No doubt most persons, at first thought, are disposed to agree with them, and so the seeds of their further and sillier doctrines fall upon fertile soil. But is there really much more than a trace of truth, at bottom, on this popular notion that sympathy has an objective reality, that the best work of the world is done only in the presence of a friendly crowd, that the good-will of the spectator is as necessary to the performer as his own skill? I am inclined to think not. As a matter of fact, the very best efforts of many men, perhaps of the majority of those men whose efforts are worth anything at all, are inspired by opposition as much as by huzzahs. The cell, as Haeckel is so fond of saying, does not act; it re-acts. Opposition is stimulation. Vinegar etches better than molasses. A vigorous prod is worth a dozen slaps upon the back. It is in the face of difficulties and hostility that real efficiency often reveals itself.
This is true, not only in the lofty domain of the dialectic, but also in the lowly domain of purely physical effort. The most remarkable baseball pitching that I have ever seen was done in the presence of a crowd which writhed in rage every time another man was struck out. The home team, despite the loyal clapper-clawing of the bleachers, enjoys but a slight advantage over the visiting team, and most of this advantage, no doubt, is due to its superior knowledge of the grounds. In the prize ring, the same thing is constantly noted. The opposition of the crowd, far from working against a fighter, sometimes inspires him to extraordinary efforts. Exact figures, of course, are not available, but I think it might be demonstrated that, in all cases where the crowd’s hostility to a given fighter is a real hostility, and not a mere echo of the betting odds—that in all such cases, or at least in most of them, the work of that fighter increases in effectiveness and his chances of victory with it.
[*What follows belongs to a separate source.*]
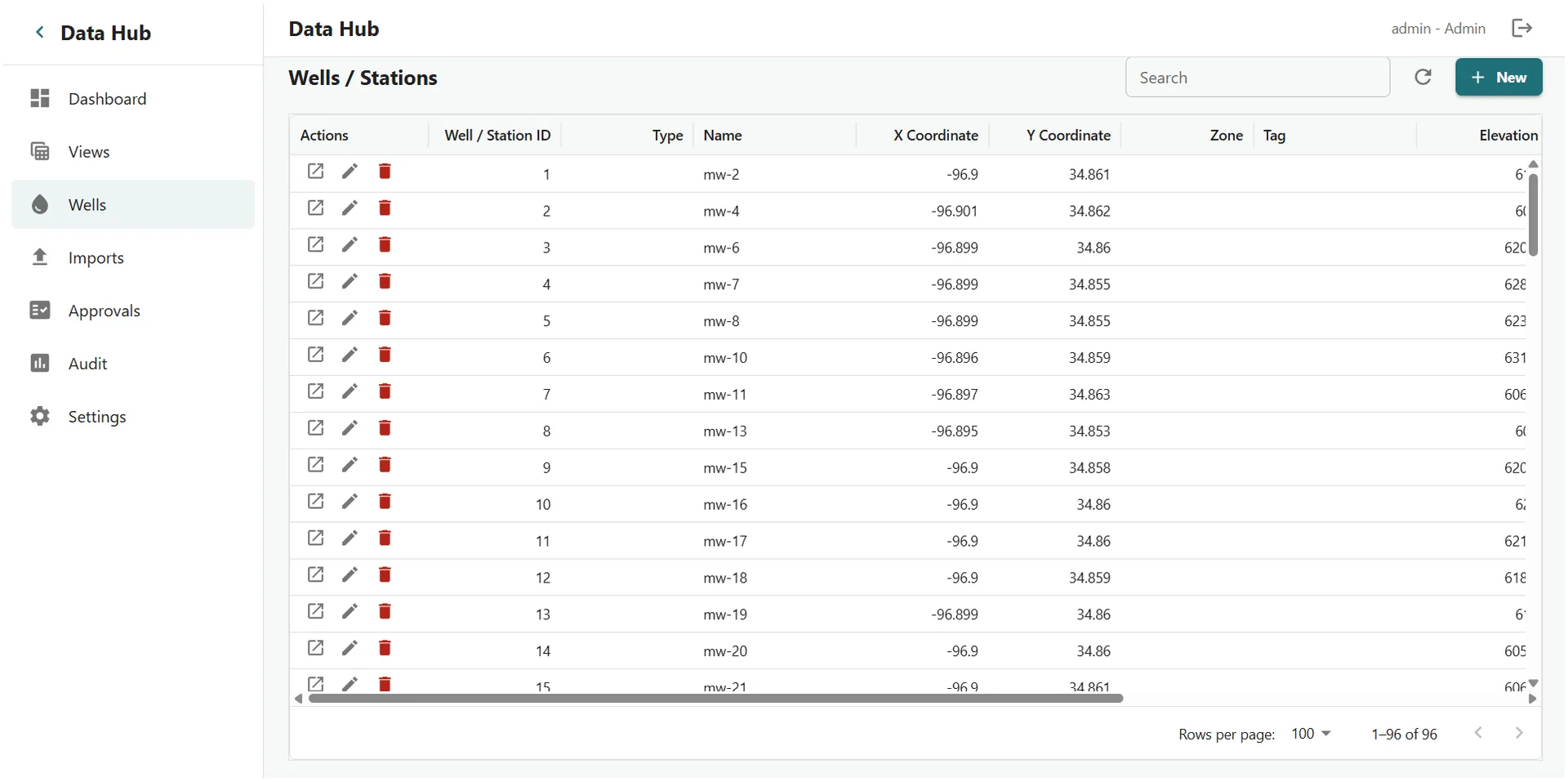 Data Hub wells table and record management.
There is, in brief, little if any truth in the belief that good wishes may be transformed into objective phenomena, that mind influences matter—and little, even, in the belief that mind influences mind. Actors and opera singers often do their worst work in the presence of absurdly friendly crowds, and their best in the presence of crowds which sit silent and unmoved.
Beer Bottles Vs. Vibrations
But isn’t it true that baseball pitchers, harassed by the bleachers, sometimes grow rattled—that political spellbinders, heckled by humorists, take to the woods? Of course it is. But the opposition which here does the work is not an opposition of hostile “vibrations,” of mere thought, but one of beer bottles, ear-splitting howls and disconcerting interruptions. In other words, it is chiefly physical. A man cannot pitch curves and dodge beer bottles at the same time without sacrificing one act, in some measure, to the other. Even unusually violent attacks upon the ears tend to fill the head with echoes which make thought impossible. But beer bottles and blood-curdling shrieks, it must be maintained firmly, are plainly not “vibrations,” at least in the sense given to that abused word by the toreadors of the New Thought. These fantastic persons are constantly talking not of physical causes, but of metaphysical causes, and the longer one studies their arguments and proofs the more one is convinced that such causes play no part in baseball, nor even in violoncello-playing and steeple-climbing.